Hooray for getting lost.
|Finally on my way home! This was in Yongchin Station though, not Houshanpi. Why? Coz I got lost. DUH.|
I am not sure if I ever want to repeat the same thing again. Let me rephrase that. I am not sure I CAN ever repeat the same adventure again. Besides, it was a happy accident. It’s something short of a miracle for me. It was really a pleasant surprise though I almost wanted to cry while searching for the nearest MRT within the Raohe area. I mean, what’s life without spice right? And like my friend said, there’s really no need to worry. Taiwan is just one stretch of an island. So long as I’m on land then I’m still in this country and that’s all that matters.
|Vending machines: the miracle box that saves lives from dehydration, unless you forgot your coins|
It was also an achievement that I would never forget. This epic bike ride beats the heck out of this scar that I got when I accidentally hit a post when I got stunned to find an egret fly past me. I stopped so suddenly to take its photo and then smack! Post had its reflectors knocked out while Tel suffered a scratch.
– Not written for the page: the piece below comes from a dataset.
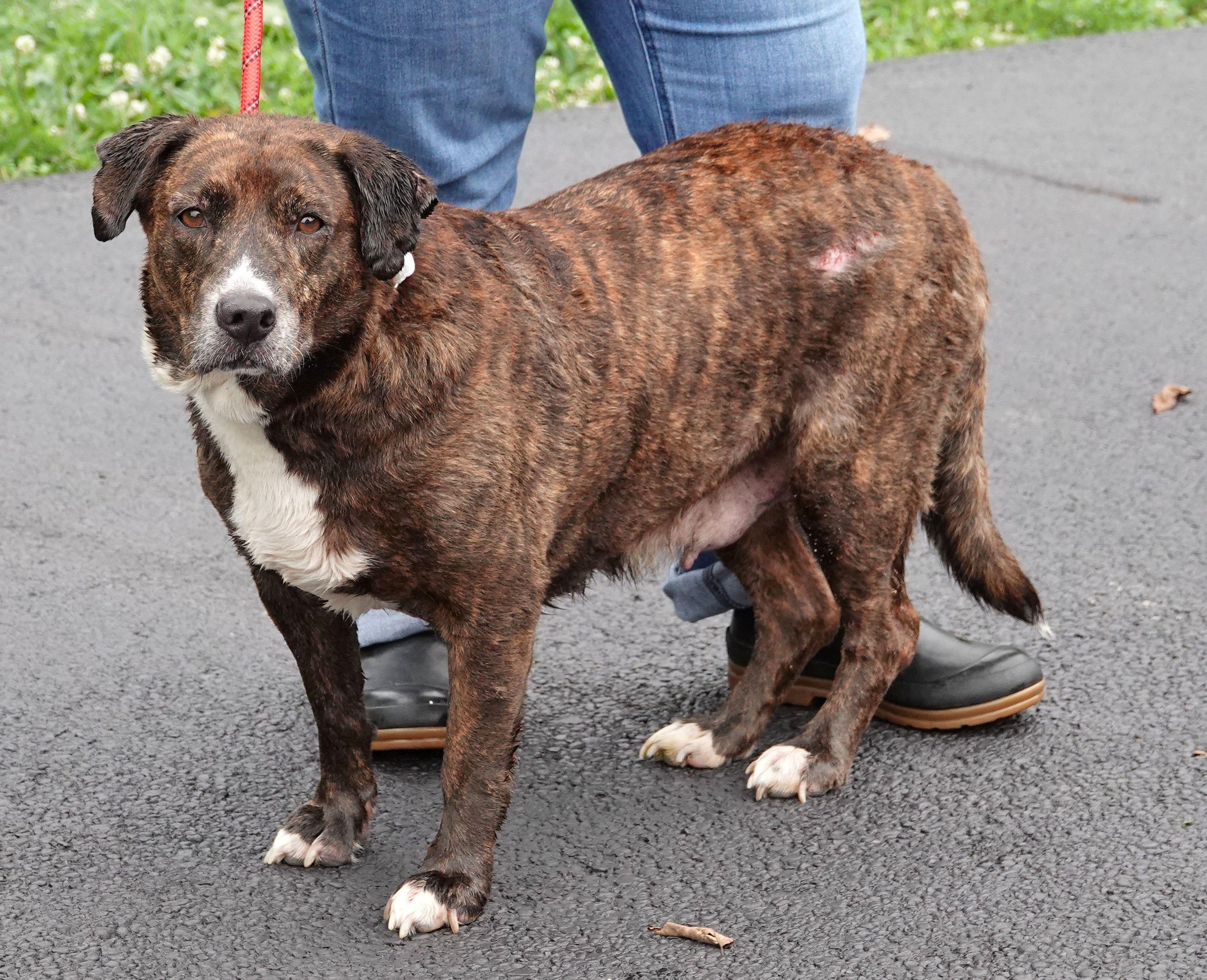 Layla, a ADOPTABLE mixed breed in Millfield, OH image 2/3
|Me – 1, Post on the street – K.O.|
I never thought biking can be as momentous as this. This epic bike ride taught me so much about enjoying what this world has to offer and how living in the moment truly feels like.
There were moments while I was biking along the riverside wherein I seriously can’t believe that I am being blessed to bear witness to what I am seeing–the river, the smooth and well-lit path, me surviving on just a bottle of water, people who also took the time to take photos of the sunset as I captured the pink sky on cam–it felt like I was meant to be there and feel alive.
I wish to return to this path again and when I do, I will bike ’til I reach the end on Nangang.